The capitalization table of the company at launch before any external investment is simple. It has 10 million common shares held by a couple of founders at $1 per share.
Let's assume the company now has an unpriced round and three investors invest in the company, a total of $1.5 million via a SAFE. As a recap, the safe has no debt qualities, so it is simply held until a trigger event takes place and the investment sum is converted into equity.
Investor A here has negotiated a 20% discount rate, great for them, so when the next priced round happens, he will be able to purchase shares for 20% less. The new investors investing in the same priced round. Investor B has a $10 million valuation cap, so her half a million dollar investments will be converted into equity at a company valuation no higher than $10 million.
Investor C has both, so will have the option to use either the discounts or the cap, whichever is more attractive to them. Now, a priced round takes place and the company raises a series a round of $10 million at a $15 million pre-money valuation or a dollar 50 per share. How did we get to that dollar 50? It's the $15 million pre-money valuation divided by 10 million shares outstanding. This priced round is also the trigger event for the unpriced round safe holders, so we can calculate their outcomes.
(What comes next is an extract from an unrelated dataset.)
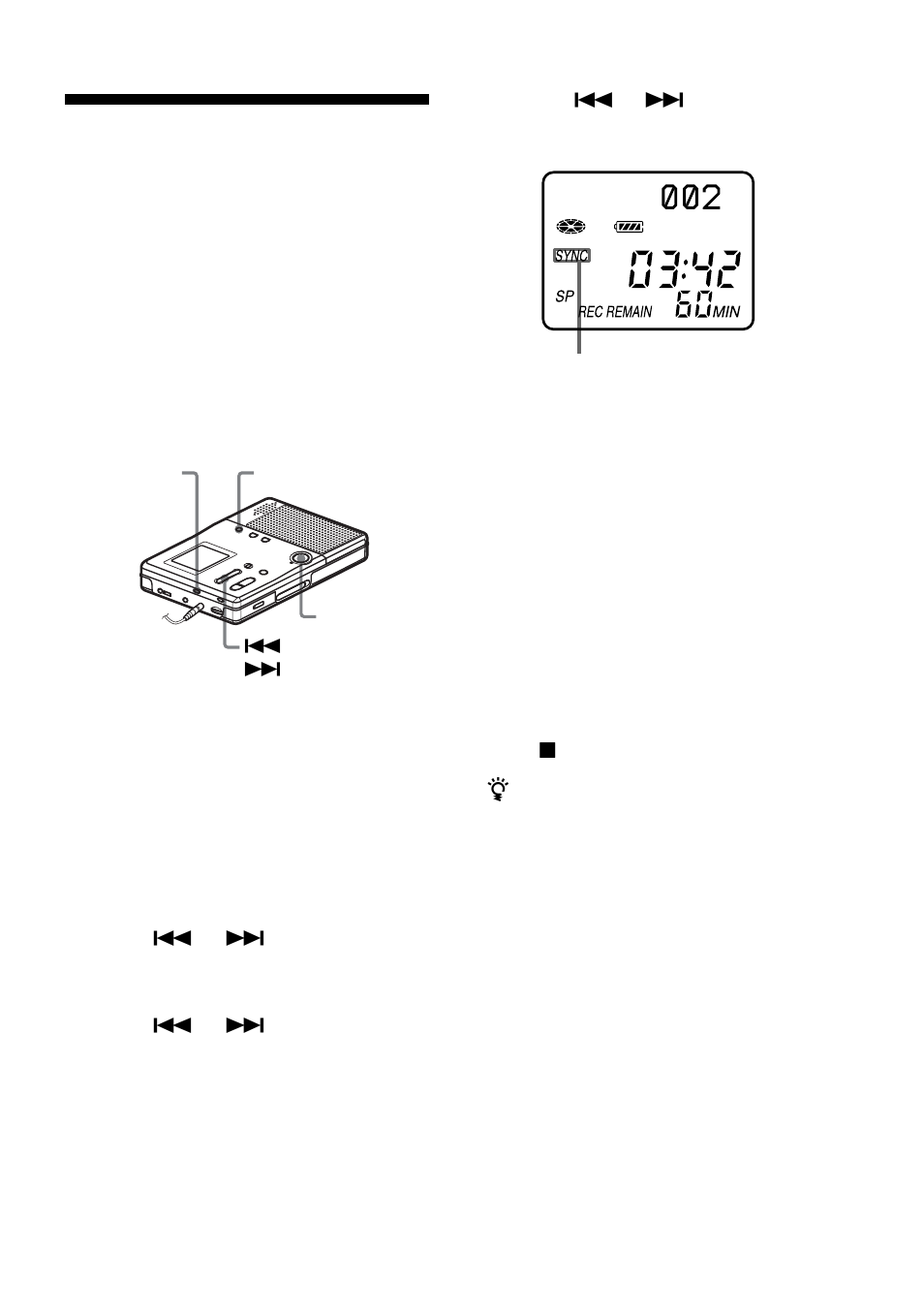 Synchro-recording) | Sony MZ-B10 User Manual | Page 23 / 60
Investor A with a 20% discount will convert shares at a dollar 20, that's the $1 50 share price, but discounted by 20%. Investor B. With a $10 million valuation cap, we'll be able to buy in at $1 per share. That's the $10 million valuation cap divided by the 10 million shares outstanding. And lastly, investor C will be able to buy in at $1 as well, which is the most attractive of the two options? The two options being the 20% discount rate for a price of one 20 or the $10 million valuation cap, which gave a price of $1. Buying at $1 Is the most attractive. We like to buy low, thus the unpriced round. SAFE investors got their equity at a later date than the unpriced funding round when they invested, but they are compensated for the weight with a discount rate or valuation cap to reward them for their early investments. Both the discount rates and the valuation cap are meant to incentivize investors to come in early at the seed round to help launch and build the company. At the priced round, the SAFE investors convert their shares at a dollar 20 or a dollar, which yields the investors more shares than they would've received if they didn't have these terms and would have to convert at the higher price of a $1.50.